Your reply is to be the lines below, exactly as written, with images omitted.

[Information supplied Boundary: Start]

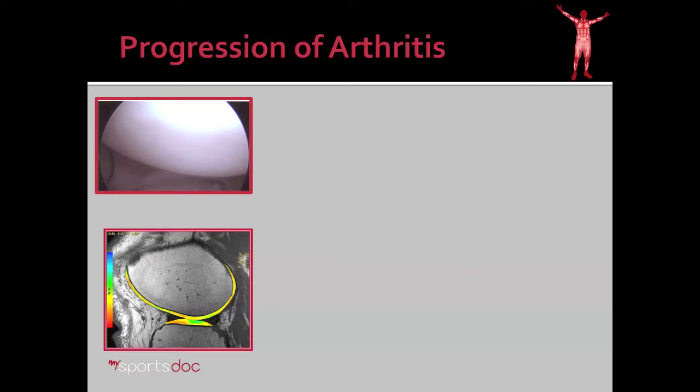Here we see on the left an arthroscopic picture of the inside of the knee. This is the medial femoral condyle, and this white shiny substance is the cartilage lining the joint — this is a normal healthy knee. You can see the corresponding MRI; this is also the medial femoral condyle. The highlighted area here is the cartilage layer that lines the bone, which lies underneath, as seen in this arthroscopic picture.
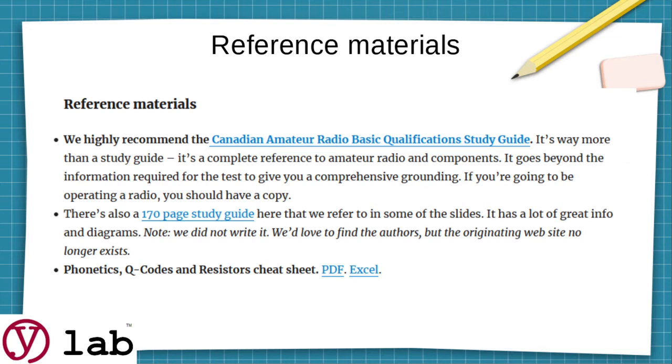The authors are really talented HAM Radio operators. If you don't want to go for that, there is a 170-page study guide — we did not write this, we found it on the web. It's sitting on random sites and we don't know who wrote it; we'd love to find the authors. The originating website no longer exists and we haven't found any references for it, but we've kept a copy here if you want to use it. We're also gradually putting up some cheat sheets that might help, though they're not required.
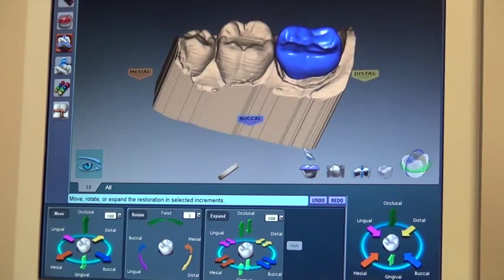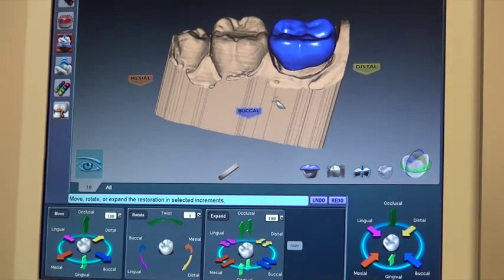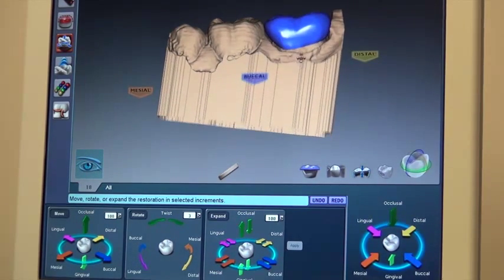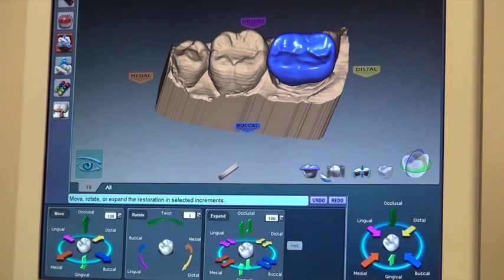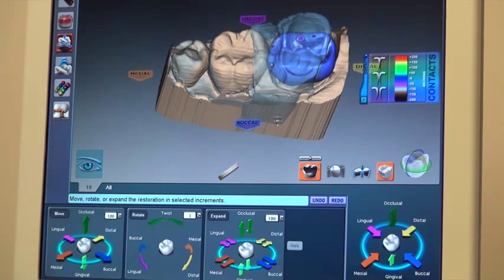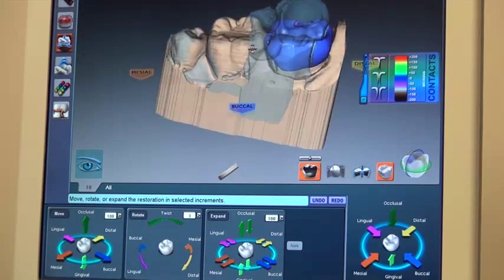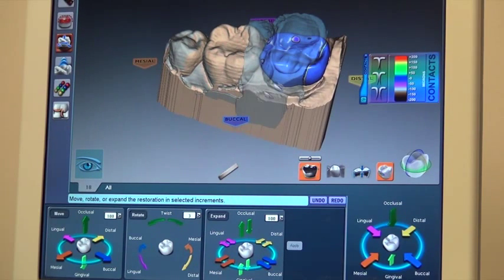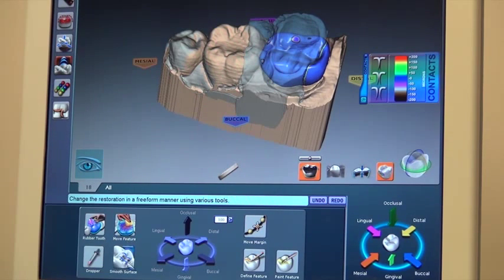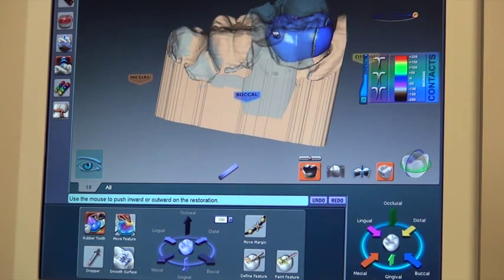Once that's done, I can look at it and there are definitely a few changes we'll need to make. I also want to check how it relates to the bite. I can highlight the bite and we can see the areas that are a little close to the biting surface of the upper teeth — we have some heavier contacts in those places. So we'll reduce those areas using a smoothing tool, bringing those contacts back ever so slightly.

[Information supplied Boundary: End]

# Solution below:
Here we see on the left an arthroscopic picture of the inside of the knee. This is the medial femoral condyle, and this white shiny substance is the cartilage lining the joint — this is a normal healthy knee. You can see the corresponding MRI; this is also the medial femoral condyle. The highlighted area here is the cartilage layer that lines the bone, which lies underneath, as seen in this arthroscopic picture.
The authors are really talented HAM Radio operators. If you don't want to go for that, there is a 170-page study guide — we did not write this, we found it on the web. It's sitting on random sites and we don't know who wrote it; we'd love to find the authors. The originating website no longer exists and we haven't found any references for it, but we've kept a copy here if you want to use it. We're also gradually putting up some cheat sheets that might help, though they're not required.
Once that's done, I can look at it and there are definitely a few changes we'll need to make. I also want to check how it relates to the bite. I can highlight the bite and we can see the areas that are a little close to the biting surface of the upper teeth — we have some heavier contacts in those places. So we'll reduce those areas using a smoothing tool, bringing those contacts back ever so slightly.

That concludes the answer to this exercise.